Бхакти-это привилегия чистой души, она не зависит от религий и конфессий.

Ханна, вам надо больше читать, изучать. Только спокойно, без вызова :smilies: 
Например, это:  http://www.vyasa.ru/books/tiacherBha...Gita/whoisgod/

http://www.krishna.ru/index.php?opti...793&Itemid=949

----------


## Александр Вольнов

> Вы про мои злые шутки? А я не шутила даже. Буддистам известно, что в конце Кали Юги люди вместо положенных 120 лет будут жить только 10 лет, их рост будет как у большой собаки, от пола 50см, если не 20см...и что будет просто повальная деградация, что ни отца, ни матери не будет, никаких родственных связей, все, извините, спят со всеми или вот "шашлычок из человеческой ноги" в порядке вещей...
> ну и когда настанет полная беспросветная темнота, т.е. духовное знание будет практически уничтожено, то вот придет Майтрейя Будда и спасет мир.
> У вайшнавов разве не ожидается Калки? А при этом разве не говорится про жестоких карликов- людей?
> Просто нет цитаты под рукой, но это всем буддистам известно.
> Поэтому я так "тупо" над Кришной не шутила, не шучу и не буду шутить...это не мой уровень.
> Так что сейчас - Сатья Юга, золотой век, по сравнению с тем, что будет...
> Харе Кришна!


Я писал не конкретно про этот пост, а про множество Ваших высказываний на это форуме, где Вы явно высмеиваете и деяния Кришны и саму идею его, как Шри Бхагавана.
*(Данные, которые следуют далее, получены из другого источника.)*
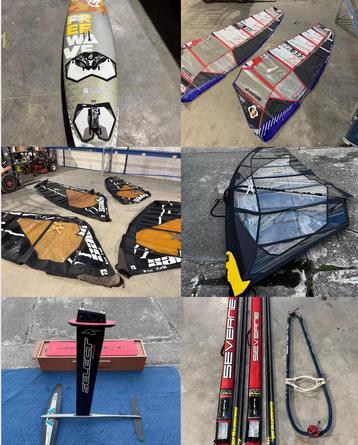 Garageverkoop windsurfmatteriaal beschikbaar voor biedingen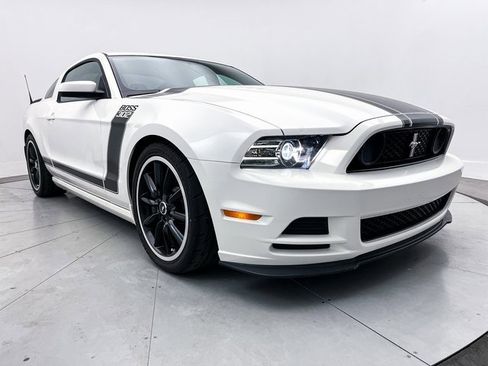 Used 2013 Ford Mustang Boss 302 w/ Boss 302 Accessory Pkg image 8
> Конечно, если принять за основу, что только у вайшнавов великая истина, а она неоспорима, и это бхакти.
> То вот ни буддисты, ни мусульмане, которые тоже сильно любят Аллаха, ни христиане - никто не прав, все ересь, только мы великие и спасемся.
> Что за бред, Александр? 
> Вы поизучайте другие религии, и найдете много общего, просто люди на разных уровнях сознания понимают Бога по разному.
> И если буддисты его уже видят без формы и сливаются с ним, это не значит, что у них большая ересь, а тут мы умные такие и везунчики...
> 
> Просто вайшнавы не принимают слияние, сатьюджа кажется на санскрите, не помню, ну вот хочется вайшнавам служить как личность личности, а буддисты 
> от своей личности отказываются и сливаются с личностью Кришны, хотя они сами не знают, но это так здорово, что зачем обертывать в какие-то слова, ибо грех это - вдруг стать самим Богом и иметь возможность перерождаться по своей воле, а не как ветер кармы занесет...
> Молчу молчу...


1.Истина есть не только у вайнавов.
2.Бхакти - это любовь, а не истина.
3.В других религиях есть слова основателей, которые дошли до нас и это правда, а остальное(больше 90%) выдумки последователей и это ложь.Всё из-за того, что у них нету парампары, которая не допускает искажения.
4.Я достаточно изучал другие религии и общего там есть только маленькие капли, который, как я уже писал, остались от высказываний основателя, а в остальном одна ересь.
5.Буддисты входят в брахмаджйоти и не теряют свою личностную форму, потому что джива не может исчезнуть.И поселяются они там не на вечно, а на некоторое время.Плюс мы созданы для того, чтобы строоить отношения с Кришной, а не для растворения в его сиянии, но он по своей милости исполняет наши эгоистичные желания.
6.Вайшнавам не "хочется", они выполняют то, что хочет Кришна.Если бы Вы читали Бхагавад-Гиту, то знали бы, что ему больше нравится когда с ним строят отношения, а не когда люди мотивируемые своим эго хотят исчезнуть.Сливаются они не с Кришной, а как у же говорил, с его сиянием.
7.Что у Вас за посылы про "стать Богом"?Если Вы считаете что джива может стать такой же могущественной как Шри Бхагаван, то тогда вообще не вижу смысла спорить с Вами.

----------


## Hanna

Кастурика дд, я не изучала христианство, я больше знаю про буддизм, он как то ближе к вайшнавизму...даже территориально.
Слишком у христиан все строго, хотя вот Святая Тереза признавалась о любви к Господу в духе...молчу молчу...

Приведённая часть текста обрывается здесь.